Les équinoxes

C es équinoxes sont avant tout un très beau livre, d’un dessinateur qui se fait plaisir. D’une saison à l’autre, il varie le style, joue avec le trait et les couleurs pour composer des ambiances qui se différencient mais continuent à former un ensemble cohérent. Invariablement, il se dégage de ces planches contrastées une impression de douceur, d’intimité qui s’accorde à merveille avec une histoire qui repose sur les sentiments humains. L’incursion de textes en pleine page et d’images totalement muettes apporte aussi une respiration bienvenue, sans toutefois briser le rythme d’un récit à la construction régulière, maîtrisée.

Bref, formellement, l’album a été pensé et exécuté avec une grande minutie, pour un résultat qui ne dépareille pas dans la bibliographie de l’auteur. Cyril Pedrosa, depuis qu’il œuvre en solo, s’est effectivement toujours efforcé d’instiller une grande et belle humanité dans ses histoires, plaçant l’homme et la femme au cœur de son propos.
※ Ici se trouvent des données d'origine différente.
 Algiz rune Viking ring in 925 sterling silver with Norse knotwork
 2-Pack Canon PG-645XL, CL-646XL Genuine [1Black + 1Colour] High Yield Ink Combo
Dans le cas présent, il en ressort pourtant comme une frustration, celle de ne pas très bien voir où l’auteur a voulu en venir. À force de jouer sur la corde sensible, il est parfois à deux doigts de tomber dans le mièvre, principalement dans ses longs textes qui, bien écrits, n’en sont pas moins caricaturaux par endroits. De même, le fait de passer sans cesse d’un personnage à l’autre est déroutant. Non pas que le procédé en soi puisse être contesté, mais il met en exergue le peu d’attachement ressenti pour des acteurs qui ne sont pas toujours totalement habités par leur rôle.

Au final, le principal reproche qui pourra être adressé aux équinoxes de Pedrosa est leur manque de substance. Un comble pour un livre si volumineux. Il est vrai que tout est en suggestion, avec des résonances qui s’installent habilement d’un bout à l’autre, mais il aurait sûrement fallu des personnages mieux approfondis pour s’en faire l’écho.